*Assignment*: Please give back, word for word, only the lines starting at the one containing "Groźny wypadek na krajowej 62" and ending at the one containing "Nettoyer terrasse béton" within the material below.

*Exercise data*:
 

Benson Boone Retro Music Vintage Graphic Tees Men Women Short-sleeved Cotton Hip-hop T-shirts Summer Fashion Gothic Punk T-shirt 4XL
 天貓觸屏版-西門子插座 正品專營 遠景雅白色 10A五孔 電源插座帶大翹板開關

* * *

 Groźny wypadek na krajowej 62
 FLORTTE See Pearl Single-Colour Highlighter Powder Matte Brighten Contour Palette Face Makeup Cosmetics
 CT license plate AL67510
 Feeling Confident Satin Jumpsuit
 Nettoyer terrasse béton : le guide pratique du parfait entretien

*Output*:
 Groźny wypadek na krajowej 62
 FLORTTE See Pearl Single-Colour Highlighter Powder Matte Brighten Contour Palette Face Makeup Cosmetics
 CT license plate AL67510
 Feeling Confident Satin Jumpsuit
 Nettoyer terrasse béton : le guide pratique du parfait entretien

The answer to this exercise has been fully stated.